President Obama giving his speech on Middle East policy at the State Department in Washington, Thursday.

These men and women, President Obama noted, "have achieved more change in six months than terrorists have accomplished in decades.

"For six months, we have witnessed an extraordinary change take place in the Middle East and North Africa," said President Barack Obama.

In an address on May 19th, President Obama reviewed the dramatic events that began in Tunisia, in December 2010, with massive protests that ended two decades of authoritarian rule. Inspired by Tunisia's example, peoples in Egypt, Libya, Syria and elsewhere in the region took to the streets to demand long-suppressed human rights and genuine democracy. These men and women, President Obama noted, "have achieved more change in six months than terrorists have accomplished in decades."

For its part, the United States, said President Obama, remains committed to "countering terrorism and stopping the spread of nuclear weapons; securing the free flow of commerce, and safeguarding the security of the region; standing up for Israel's security and pursuing Arab-Israeli peace."

The United States, said President Obama, must also proceed with humility to speak to the broader aspirations of ordinary people in the Middle East. "There must be no doubt," he said, "that the United States of America welcomes change that advances self-determination and opportunity."

The U.S. will continue to maintain core principles – opposition to violence and repression against the people of the region; universal human rights; and the right of the peoples of the region to choose their leaders.

"It will be the policy of the United States," said President Obama, "to promote reform across the region, and support transitions to democracy." This includes Libya, where the Libyan people are trying to rid themselves of the Gadhafi dictatorship.
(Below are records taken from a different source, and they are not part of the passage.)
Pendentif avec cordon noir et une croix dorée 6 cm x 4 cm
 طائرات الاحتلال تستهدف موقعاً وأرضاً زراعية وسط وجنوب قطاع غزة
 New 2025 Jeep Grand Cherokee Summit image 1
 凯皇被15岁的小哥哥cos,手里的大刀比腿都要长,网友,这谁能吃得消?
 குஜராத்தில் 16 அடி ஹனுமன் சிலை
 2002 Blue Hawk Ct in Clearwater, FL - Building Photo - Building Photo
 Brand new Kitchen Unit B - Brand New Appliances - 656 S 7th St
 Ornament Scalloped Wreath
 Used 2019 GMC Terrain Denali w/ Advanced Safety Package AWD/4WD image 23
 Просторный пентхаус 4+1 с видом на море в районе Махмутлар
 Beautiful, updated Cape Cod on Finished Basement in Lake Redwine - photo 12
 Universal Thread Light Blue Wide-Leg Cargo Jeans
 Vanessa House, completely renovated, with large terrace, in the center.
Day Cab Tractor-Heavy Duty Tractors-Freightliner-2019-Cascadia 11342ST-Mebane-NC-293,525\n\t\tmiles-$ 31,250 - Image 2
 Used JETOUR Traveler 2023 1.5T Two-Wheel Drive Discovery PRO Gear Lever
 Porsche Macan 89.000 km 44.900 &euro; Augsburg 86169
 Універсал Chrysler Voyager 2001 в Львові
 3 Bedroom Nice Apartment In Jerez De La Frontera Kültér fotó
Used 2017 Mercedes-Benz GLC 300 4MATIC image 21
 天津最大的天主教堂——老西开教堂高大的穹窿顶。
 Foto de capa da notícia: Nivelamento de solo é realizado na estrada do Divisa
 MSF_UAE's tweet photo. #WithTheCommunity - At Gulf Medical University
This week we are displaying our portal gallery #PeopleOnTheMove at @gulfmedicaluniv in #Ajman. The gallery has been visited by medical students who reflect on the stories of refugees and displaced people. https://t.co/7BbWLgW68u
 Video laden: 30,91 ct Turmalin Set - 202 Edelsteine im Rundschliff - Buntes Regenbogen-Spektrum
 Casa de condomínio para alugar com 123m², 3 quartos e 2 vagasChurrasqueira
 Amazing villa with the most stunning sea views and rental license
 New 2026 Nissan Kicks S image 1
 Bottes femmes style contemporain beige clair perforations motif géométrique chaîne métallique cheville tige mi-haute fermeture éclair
Concerning Syria, President Obama said, "President Assad now has a choice," -- he can lead the Syrian people in a transition to democracy, "or get out of the way."

President Obama said the government of Bahrain "must create the conditions for dialogue, and the opposition must participate to forge a just future for all Bahrainis."

The U.S. supports a negotiated end to the Arab-Israeli conflict that results "in two states, with permanent Palestinian borders with Israel, Jordan, and Egypt, and permanent Israeli borders with Palestine."

The U.S. will assist the transition to democracy in the region by promoting trade, investment, and economic stability for Tunisia and Egypt.

Transformation in the region will not be easy, said President Obama, but is too important to fail. The U.S. "cannot hesitate to stand squarely on the side of those who are reaching for their rights."